Assembly and Annotation Collection

This workflow can assemble and annotate multiple genomes in one submission. The results from one submission will be packaged together into a single file. The workflow uses the shovill and Prokka software for assembly and annotation of genomes, respectively, as well as QUAST for assembly quality assessment. The specific Galaxy tools are listed in the table below.

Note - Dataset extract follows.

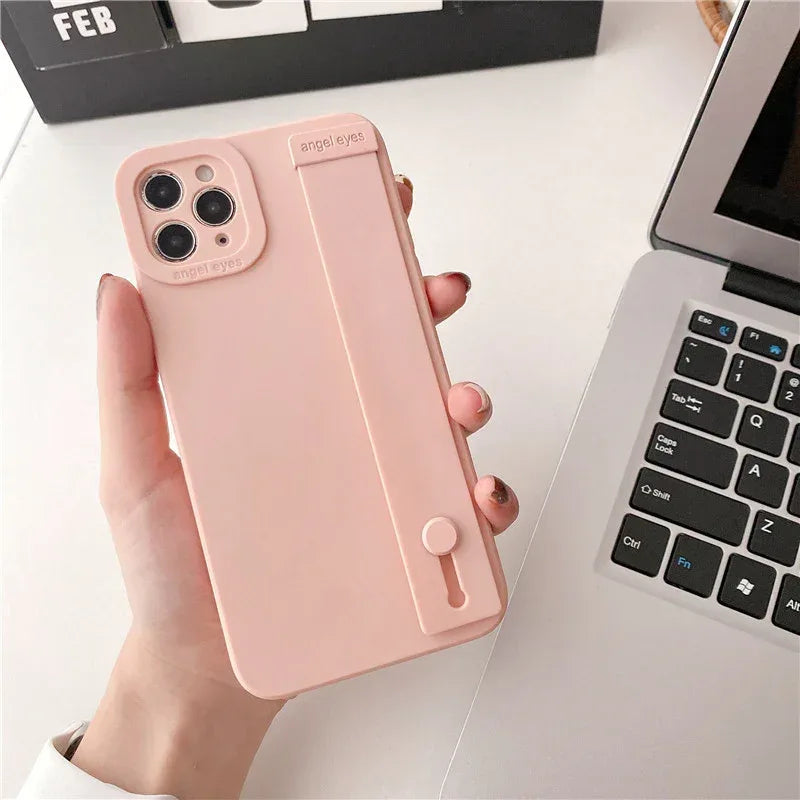 Solid Color Wristband iPhone Case - Viexta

Tool Name Owner Tool Revision Toolshed Installable Revision Toolshed
bundle_collections nml 705ebd286b57 2 (2020-08-24) Galaxy Main Shed
shovill iuc 8d1af5db538d 5 (2020-06-28) Galaxy Main Shed
prokka crs4 111884f0d912 17 (2020-06-04) Galaxy Main Shed
quast iuc ebb0dcdb621a 8 (2020-02-03) Galaxy Main Shed

To install these tools please proceed through the following steps.

Step 1: Galaxy Conda Setup

Galaxy makes use of Conda to automatically install some dependencies for this workflow. Please verify that the version of Galaxy is >= v16.01 and has been setup to use conda (by modifying the appropriate configuration settings, see here for additional details). A method to get this workflow to work with a Galaxy version < v16.01 is available in FAQ/Conda dependencies.

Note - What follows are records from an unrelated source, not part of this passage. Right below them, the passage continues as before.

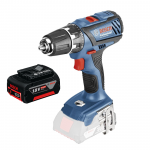 BOSCH GSR 18-2-LI PLUS (SOLO) Masina de gaurit si insurubat, Li-Ion, 63Nm (Fara incarcator in set) +  Acumulator 4Ah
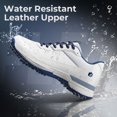thumbnail image 4 of FitVille Wide Golf Shoes Men Professional Golf Shoes with Spikes, Water Resistant Arch Support, 4 of 7
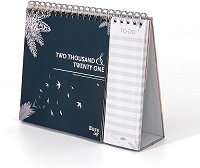 BusyInk Desk Calendar 2021. Freestanding with Tear Off to-Do Lists.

PILON Java/JVM heap allocation issues

PILON is a Java application and may require the JVM heap size to be set (e.g. _JAVA_OPTIONS=-Xmx4g).

Shovill memory issue

The memory allocated to Shovill should, by default, be automatically set by the Galaxy $GALAXY_MEMORY_MB environment variable (see the planemo docs for more information). However, this can be overridden by setting the $SHOVILL_RAM environment variable. One way you can adjust the $SHOVILL_RAM environment variable is via the conda environment. That is, if you find the conda environment containing shovill you can set up files in etc/conda/activate.d and etc/conda/deactivate.d to set environment variables.

cd galaxy/deps/_conda/bin/activate galaxy/deps/_conda/envs/__shovill@1.0.4
mkdir -p etc/conda/activate.d
mkdir -p etc/conda/deactivate.d

echo -e "export _OLD_SHOVILL_RAM=\$SHOVILL_RAM\nexport SHOVILL_RAM=8" >> etc/conda/activate.d/shovill-ram.sh
echo -e "export SHOVILL_RAM=\$_OLD_SHOVILL_RAM" >> etc/conda/activate.d/shovill-ram.sh

Alternatively, you can set environment variables within the Galaxy Job Configuration.

Step 2: Install Galaxy Tools

Please install all the Galaxy tools in the table above by logging into Galaxy, navigating to Admin > Search and browse tool sheds, searching for the appropriate Tool Name and installing the appropriate Toolshed Installable Revision.

The install progress can be checked by monitoring the Galaxy log files galaxy/*.log. On completion you should see a message of Installed next to the tool when going to Admin > Manage installed tool shed repositories.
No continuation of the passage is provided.